--- Provided records Enclosed Below ---

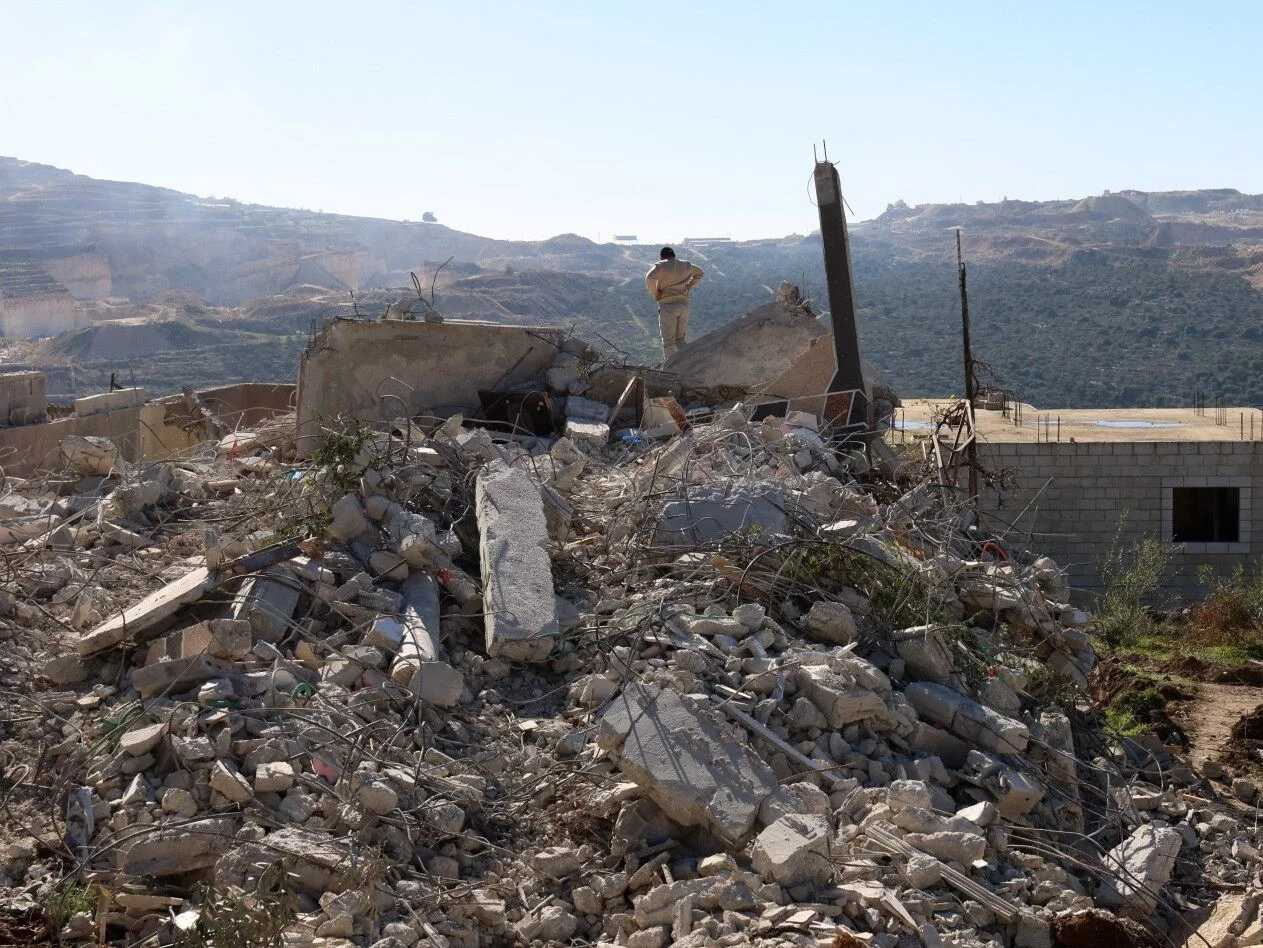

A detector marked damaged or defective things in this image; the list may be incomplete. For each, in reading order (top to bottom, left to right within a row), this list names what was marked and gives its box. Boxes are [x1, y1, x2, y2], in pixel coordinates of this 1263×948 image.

broken slab [474, 460, 556, 660]
broken slab [596, 680, 780, 844]
broken slab [908, 680, 1024, 756]
broken slab [1096, 824, 1184, 916]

--- End of Enclosed Provided records ---

● Requirement: Leave out the pictures and print each record exactly as it stands.

● Response to this task:
A detector marked damaged or defective things in this image; the list may be incomplete. For each, in reading order (top to bottom, left to right within a row), this list names what was marked and gives its box. Boxes are [x1, y1, x2, y2], in pixel coordinates of this 1263×948 image.

broken slab [474, 460, 556, 660]
broken slab [596, 680, 780, 844]
broken slab [908, 680, 1024, 756]
broken slab [1096, 824, 1184, 916]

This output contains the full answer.